Fiora abraçou um a um, com os olhos enevoados e a voz rouca, aqueles que deixava para trás. A Esteban, disse:
Confio-vo-los, Esteban, porque sois o mais forte. Velai por eles, sem vos esquecerdes de vós próprio. Não vos esqueçais que sois meu amigo.
A Carlo:
Não tivemos muito tempo para nos conhecermos, meu irmão, mas o pouco que tivemos foi suficiente para que eu vos fique, para sempre, profundamente dedicada. Espero, de todo o meu coração, que voltemos a encontrar-nos.
Por fim, a Demétrios:
Tu foste e continuas a ser como um pai para mim e custa-me muito deixar-te. Suplico-te, diz-me que isto não é um adeus e que em breve nos voltaremos a ver!
Tomando-a nos braços, ele apertou-a contra si sem conseguir reter as lágrimas:
Os meus olhos obscurecem-se, pequena Fiora, e o livro do Destino abre-se cada vez mais raramente diante de mim, mas eu sei que não estaremos verdadeiramente separados. E agora vai, depressa! Um filósofo grego deve permanecer impassível em todas as circunstâncias e, neste momento, não me sinto nada filósofo...

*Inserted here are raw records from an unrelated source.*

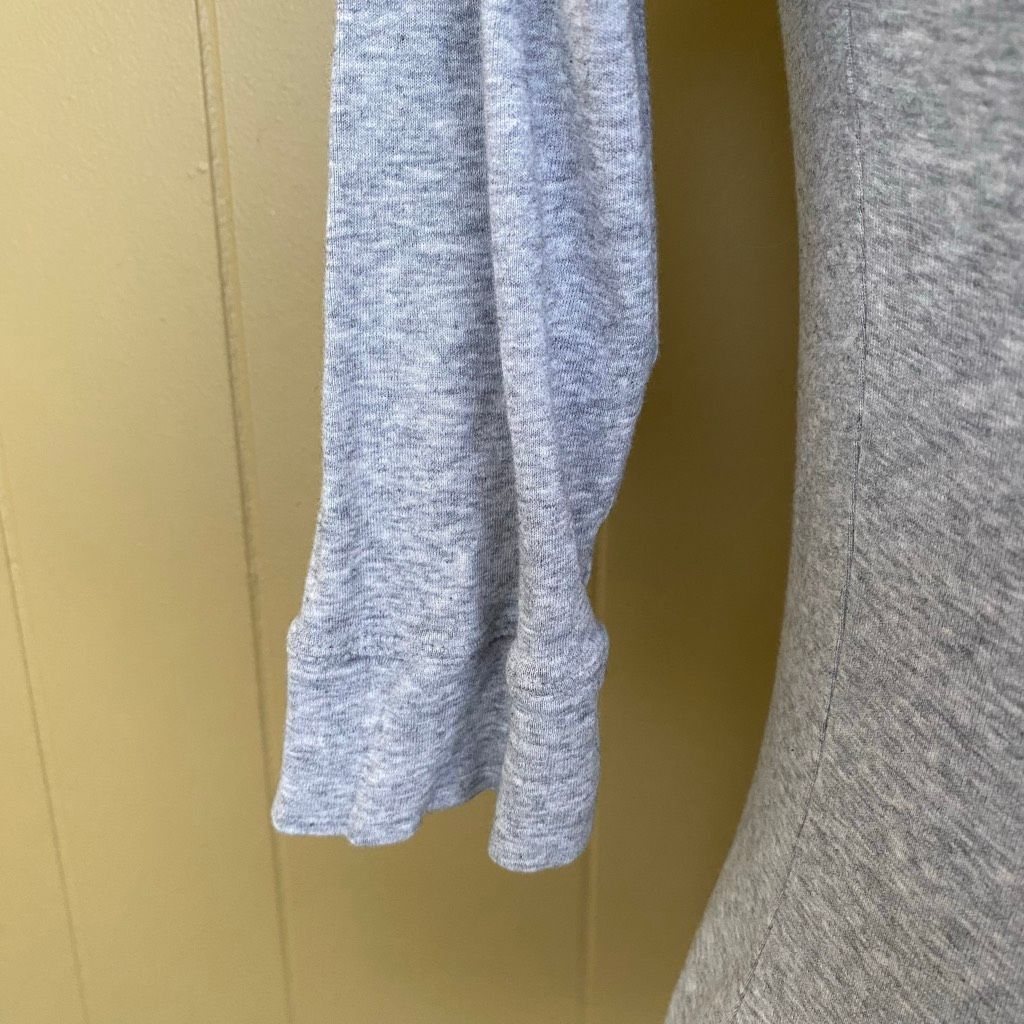 Old Navy Old Navy women M 100% cotton 3/4 sleeve boatneck shirt grey Size M / US 6-8 / IT 42-44 - 4 Thumbnail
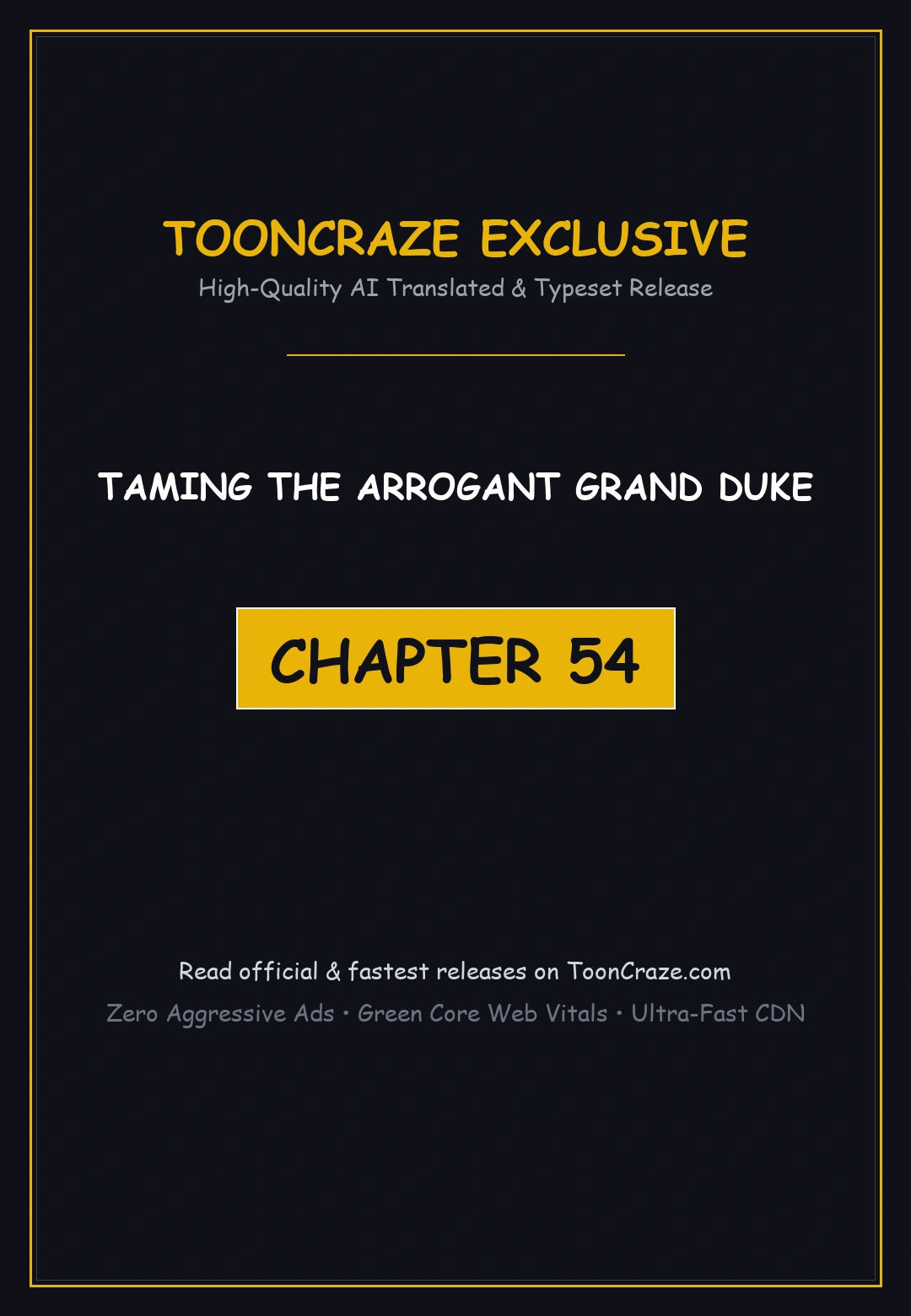 Taming The Arrogant Grand Duke Chapter 54 - Page 1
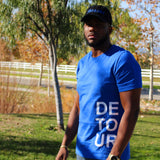 Blue Signature Stacked Tee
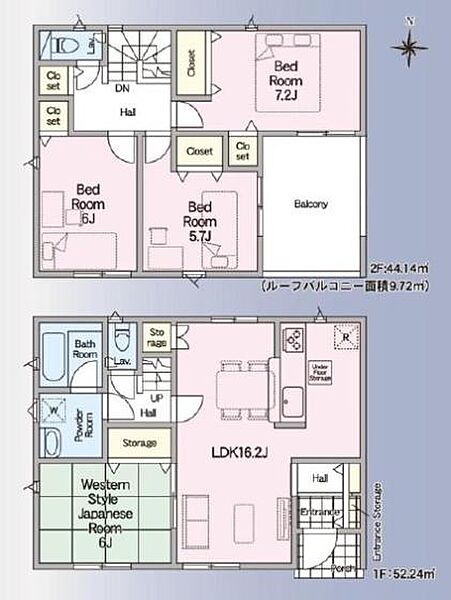 間取りを拡大表示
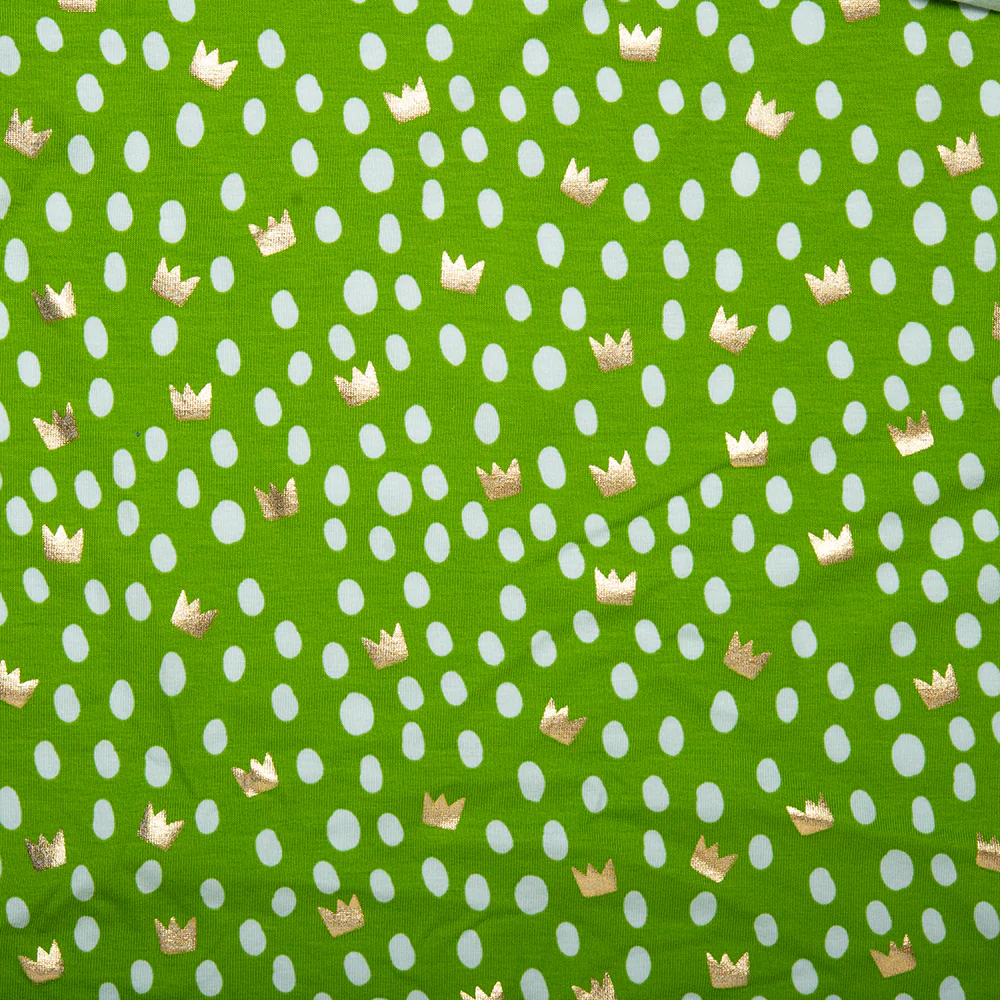Cotton Lycra Knit Print - IMA-GINE F21 - Princess - Green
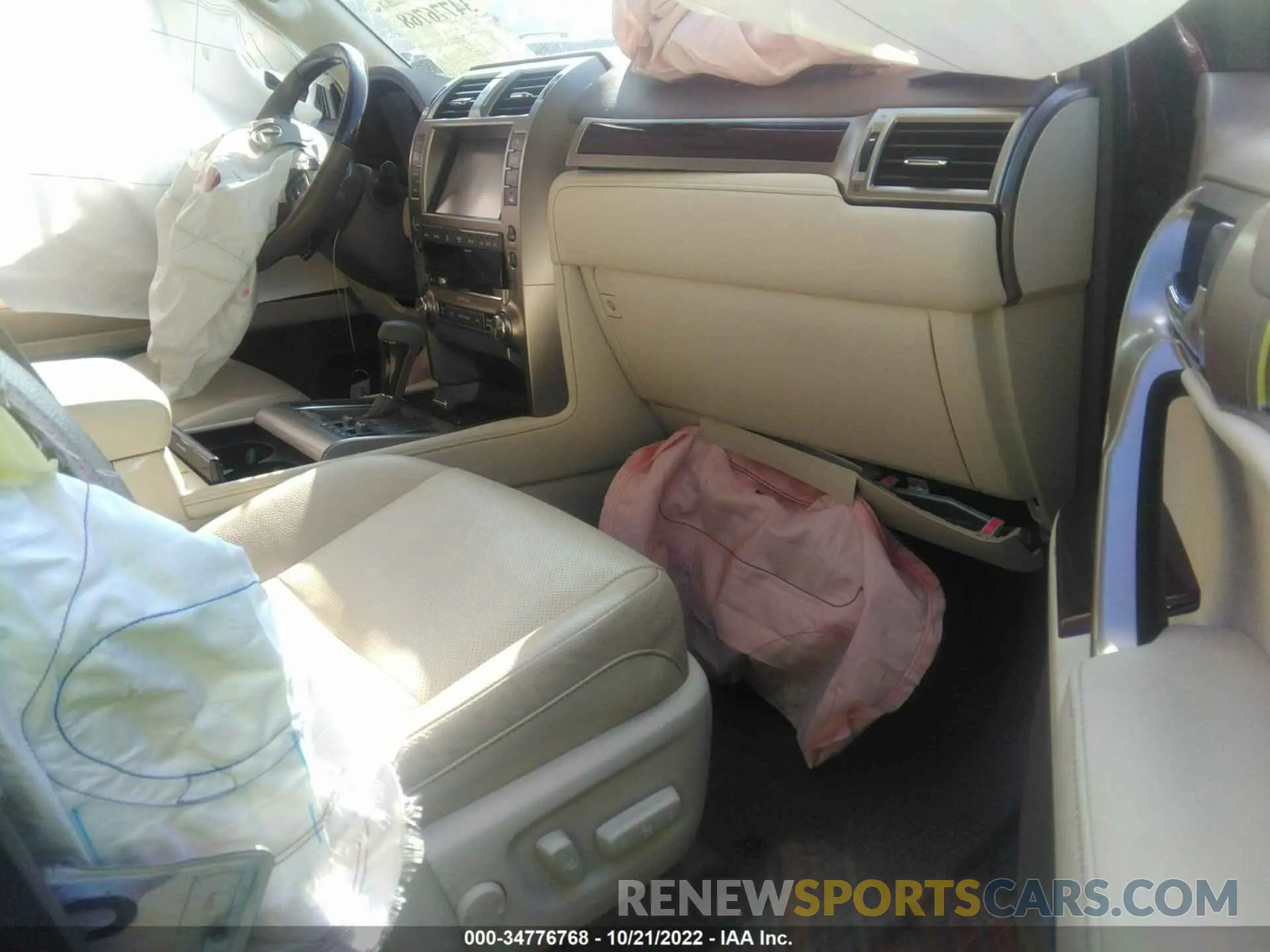 5 fotografías del automóvil dañado JTJBM7FX1K5234290 LEXUS GX 2019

Girando nos calcanhares, o médico correu a fechar-se na velha torre que lhe servia de observatório. Fiora foi ter, então, com Mortimer. De pé junto do seu cavalo, ele segurava-lhe o estribo e ela subiu para a sela enquanto o escocês prestava o mesmo serviço a Khatoun de uma maneira um pouco diferente: contentou-se em pegar nela e pousá-la no dorso do animal sem mais esforço do que se estivesse a pegar num simples saco e acompanhando o seu gesto com um sorriso beato que fez corar a jovem tártara e divertiu Fiora. O temível sargento la Bourrasque interessava-se, como era evidente, por aquela pequena criatura frágil e doce que não tinha o ar de pertencer ao mesmo planeta que ele. Mortimer estendeu delicadamente o seu manto sobre o cavalo, sorriu de novo e depois foi ter com a sua própria montada sem se aperceber de que Fiora escondia um sorriso sob o véu que lhe cobria a cabeça. Que a viagem começasse sob uns auspícios tão amáveis parecia-lhe um bom presságio.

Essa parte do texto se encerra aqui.